## DESCRIPTION OF THE TASK
Although the records contain pictures, none belong in the copy: restate word for word only the lines from the one with "VTG St Croix" through the one with "Omaomao Aloha Hawaii", both included.

++++ MATERIAL FOR THIS EXERCISE

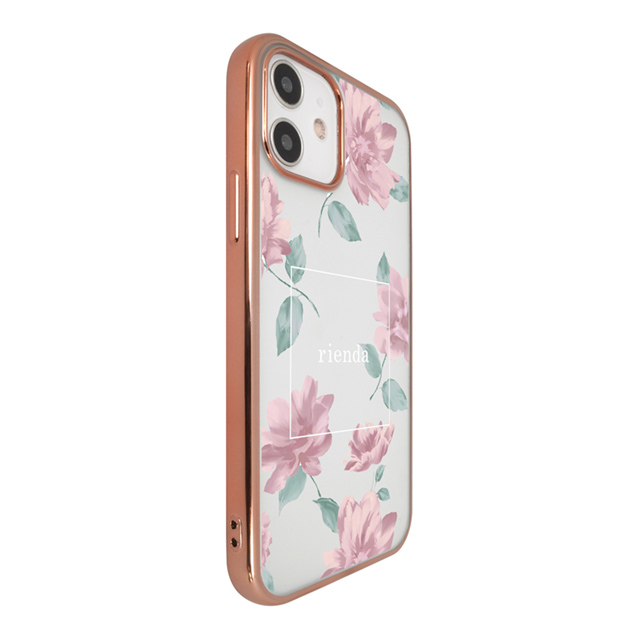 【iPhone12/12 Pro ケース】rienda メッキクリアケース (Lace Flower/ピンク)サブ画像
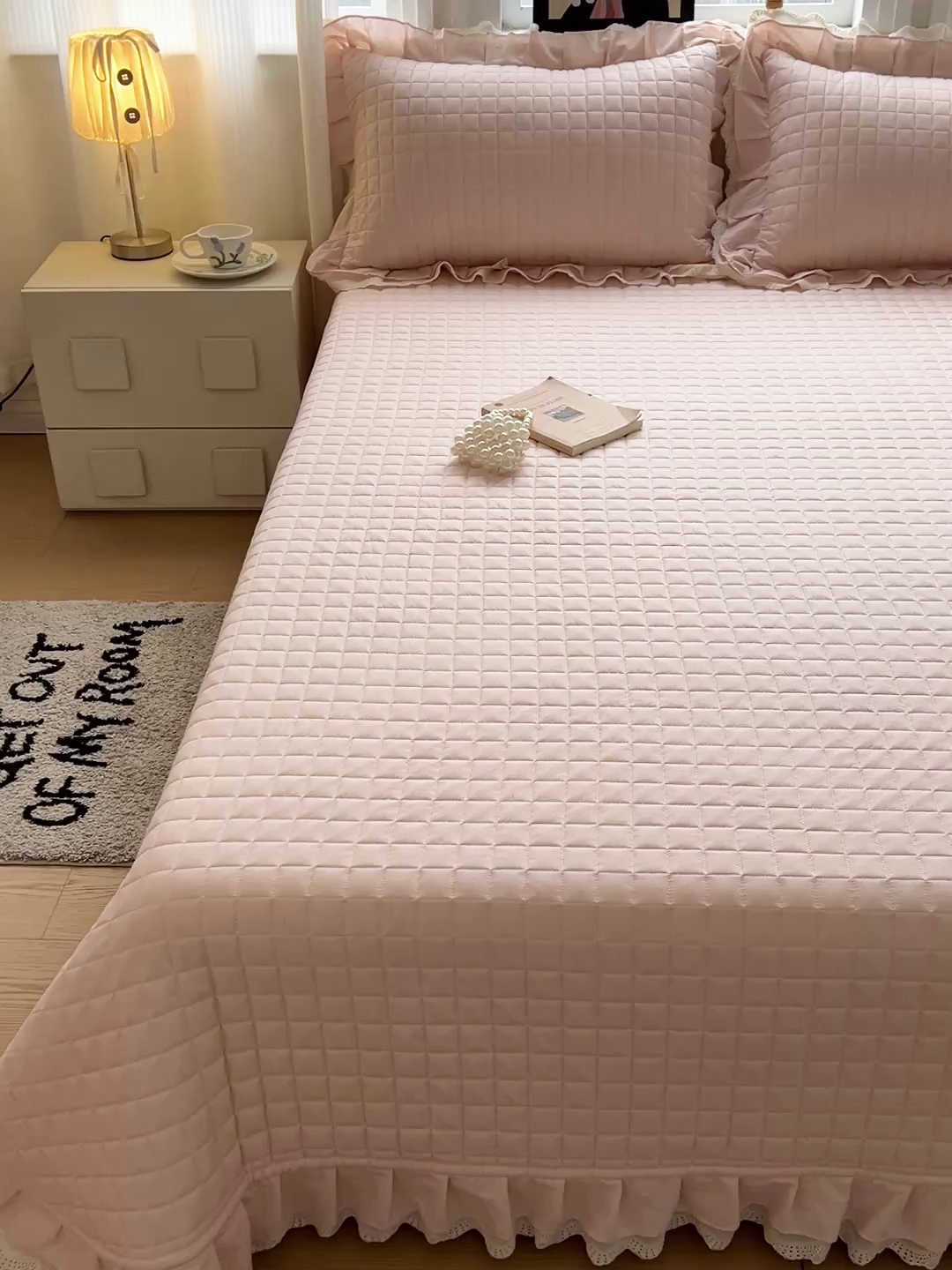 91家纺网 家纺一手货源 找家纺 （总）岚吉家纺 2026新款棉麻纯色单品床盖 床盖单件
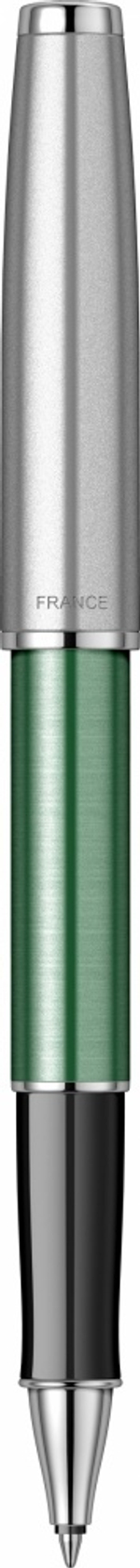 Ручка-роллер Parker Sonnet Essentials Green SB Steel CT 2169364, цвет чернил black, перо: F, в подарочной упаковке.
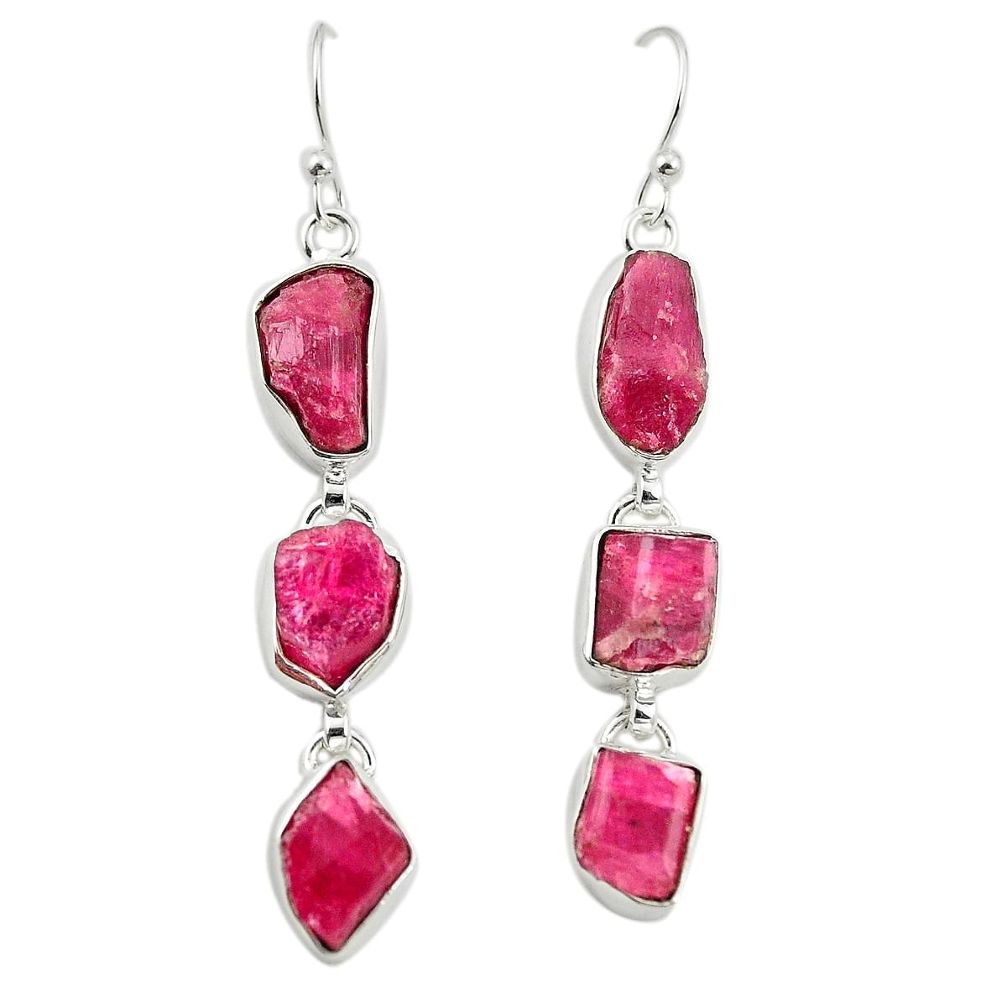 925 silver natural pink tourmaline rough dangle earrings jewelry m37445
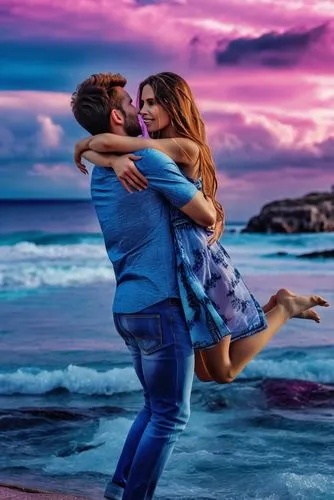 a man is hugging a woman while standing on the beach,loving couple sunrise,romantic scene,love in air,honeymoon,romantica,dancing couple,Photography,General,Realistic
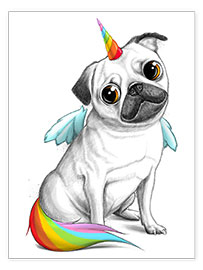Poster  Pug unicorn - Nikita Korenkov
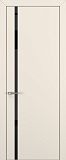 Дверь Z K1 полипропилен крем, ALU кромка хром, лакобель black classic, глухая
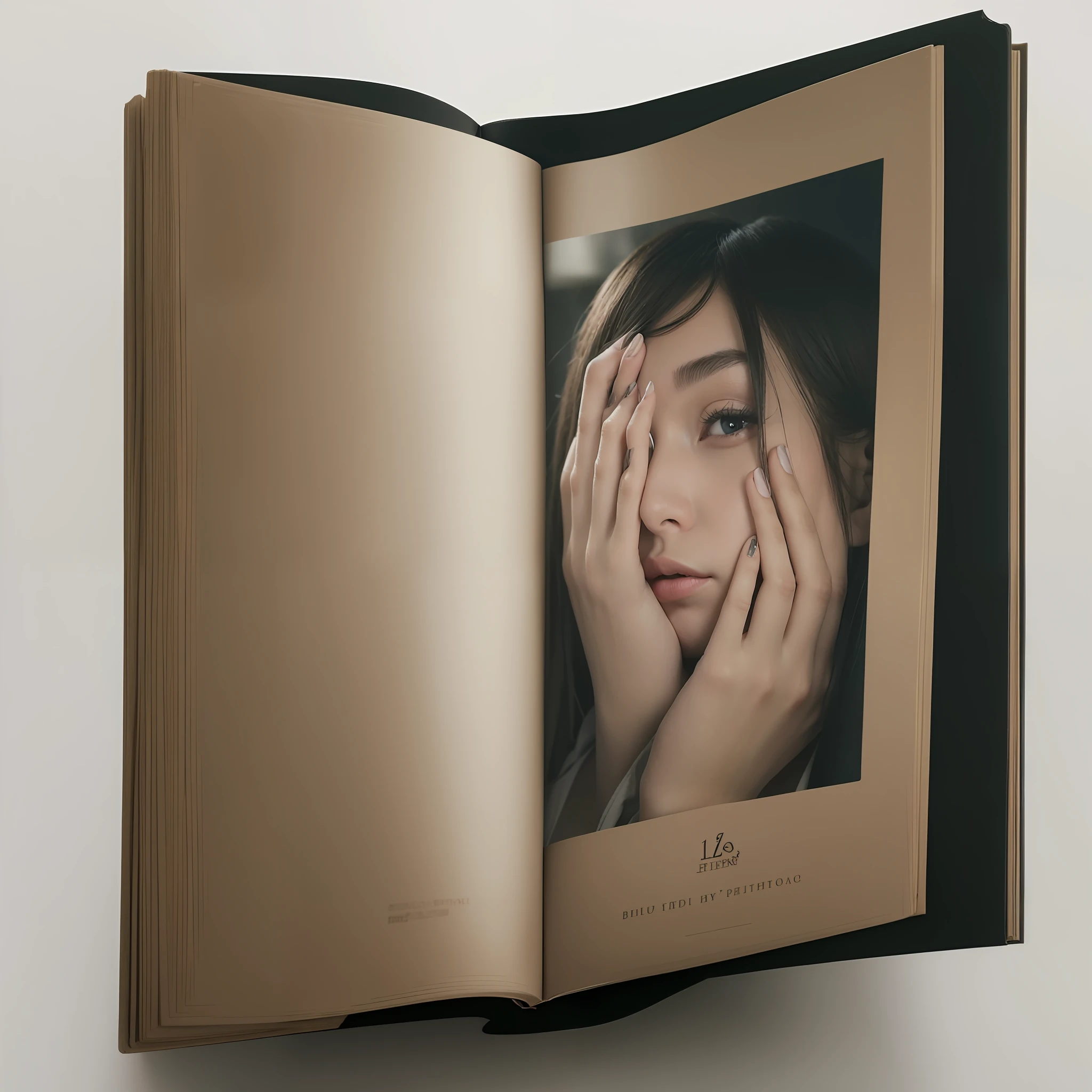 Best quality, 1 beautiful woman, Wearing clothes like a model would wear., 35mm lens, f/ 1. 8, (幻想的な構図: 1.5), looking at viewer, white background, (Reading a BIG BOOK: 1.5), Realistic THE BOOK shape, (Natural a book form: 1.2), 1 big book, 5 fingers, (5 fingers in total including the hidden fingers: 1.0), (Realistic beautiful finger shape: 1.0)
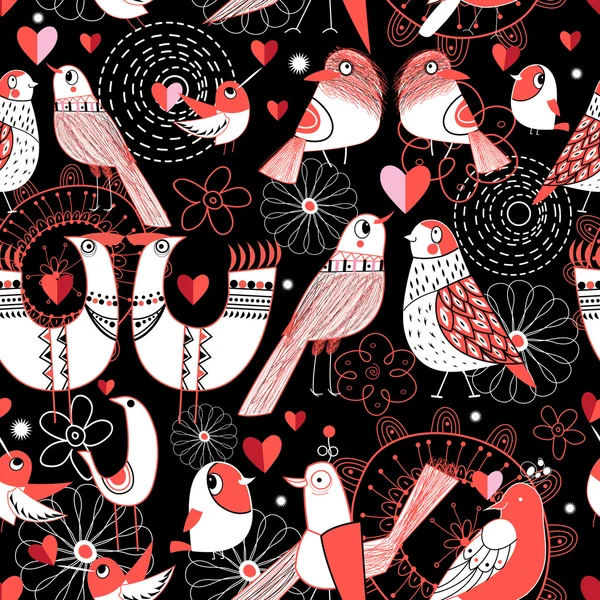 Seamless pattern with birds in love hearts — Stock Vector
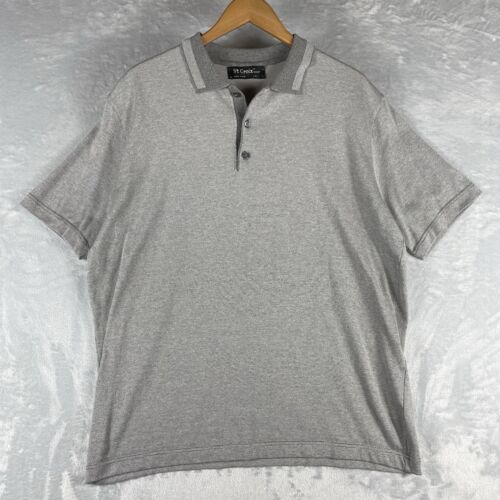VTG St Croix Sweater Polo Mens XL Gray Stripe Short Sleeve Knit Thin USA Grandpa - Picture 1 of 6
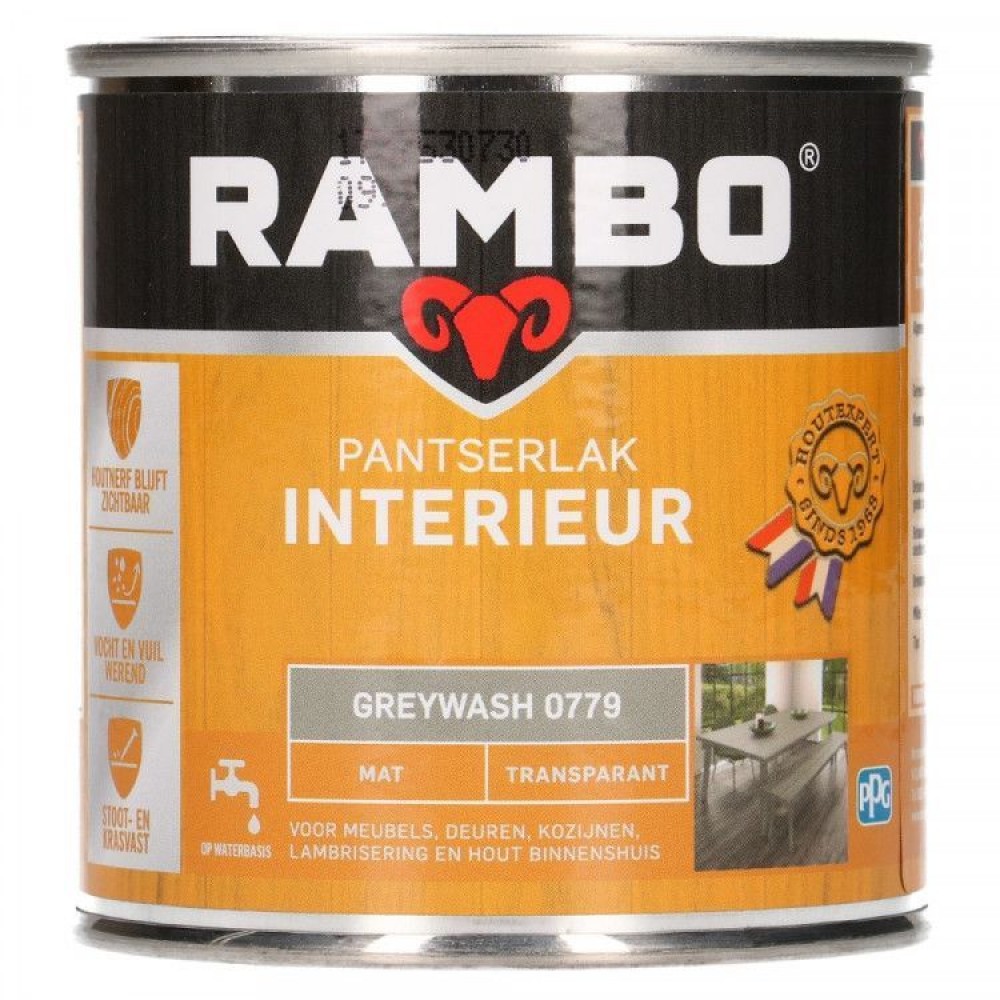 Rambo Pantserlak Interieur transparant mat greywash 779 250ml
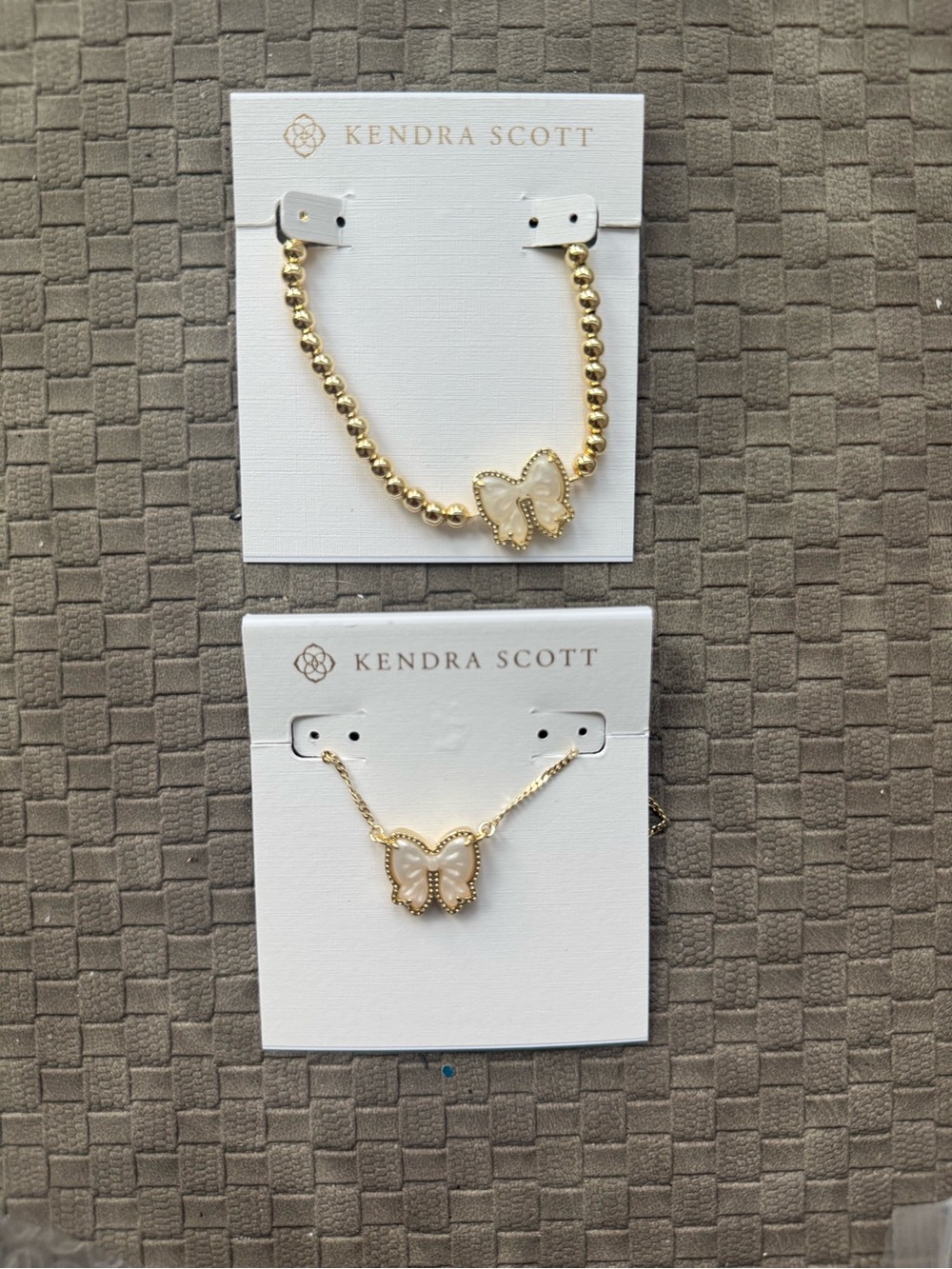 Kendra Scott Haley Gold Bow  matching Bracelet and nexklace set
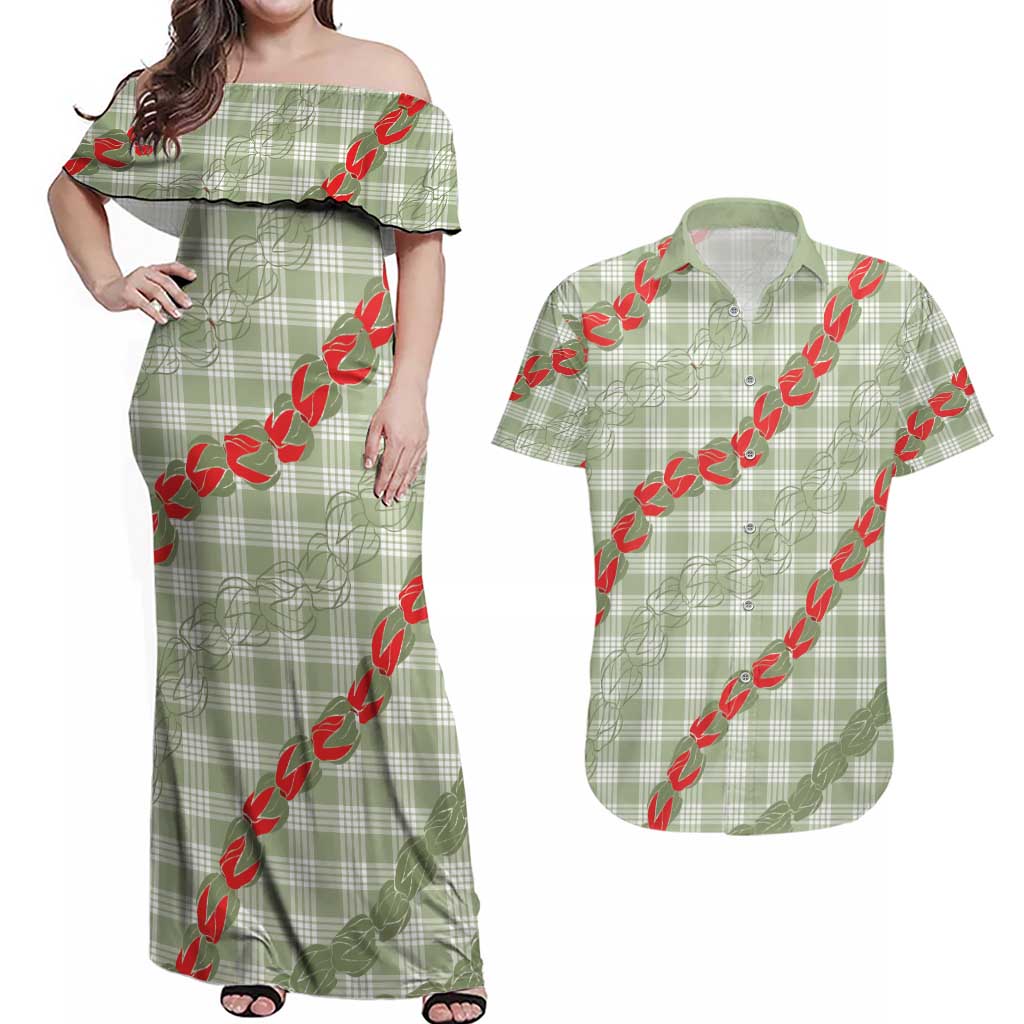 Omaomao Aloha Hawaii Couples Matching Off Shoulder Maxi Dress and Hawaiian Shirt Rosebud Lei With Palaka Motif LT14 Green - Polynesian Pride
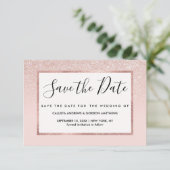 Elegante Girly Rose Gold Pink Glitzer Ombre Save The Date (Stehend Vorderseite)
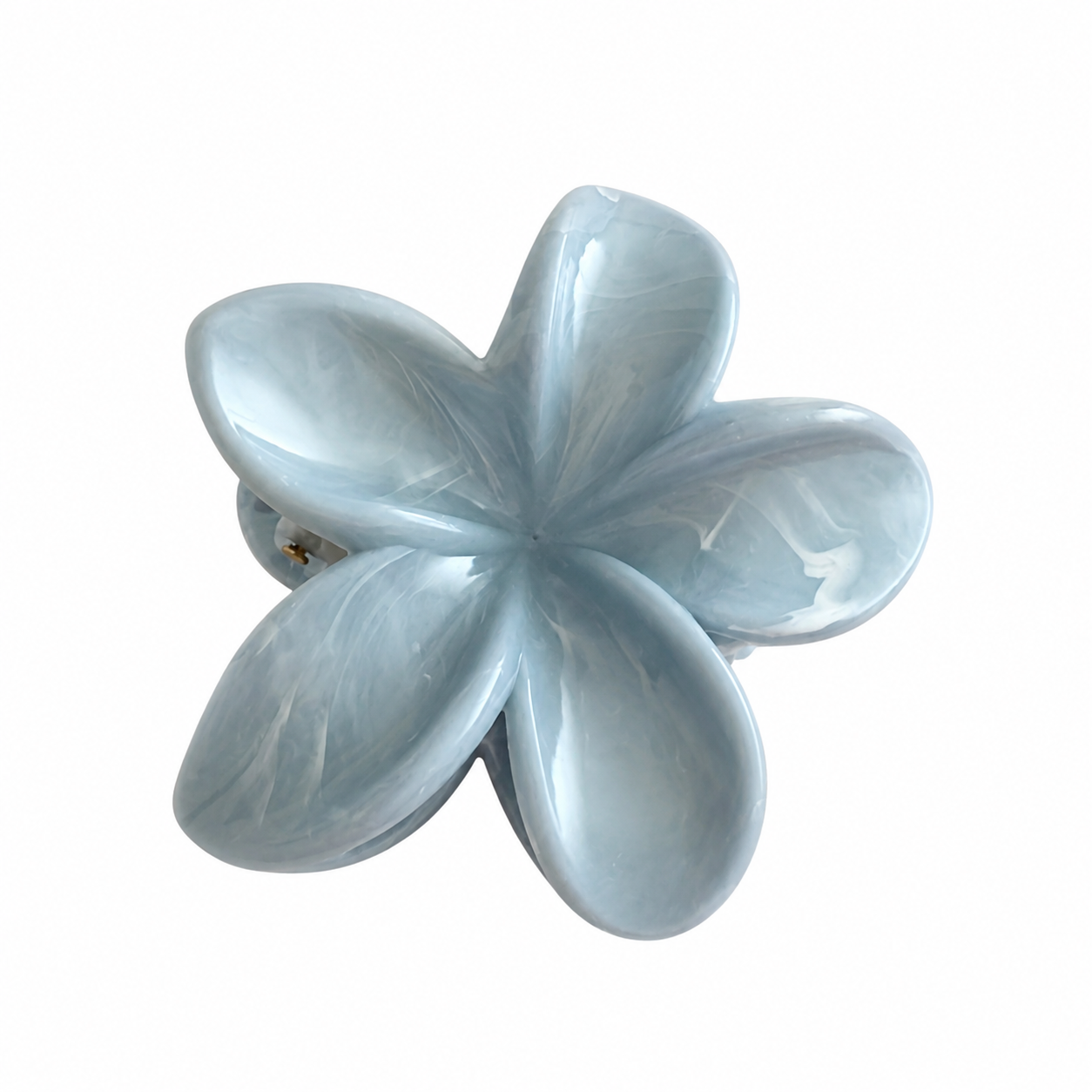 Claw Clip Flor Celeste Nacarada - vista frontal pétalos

++++++++

## YOUR RESPONSE
VTG St Croix Sweater Polo Mens XL Gray Stripe Short Sleeve Knit Thin USA Grandpa - Picture 1 of 6
 Rambo Pantserlak Interieur transparant mat greywash 779 250ml
 Kendra Scott Haley Gold Bow  matching Bracelet and nexklace set
 Omaomao Aloha Hawaii Couples Matching Off Shoulder Maxi Dress and Hawaiian Shirt Rosebud Lei With Palaka Motif LT14 Green - Polynesian Pride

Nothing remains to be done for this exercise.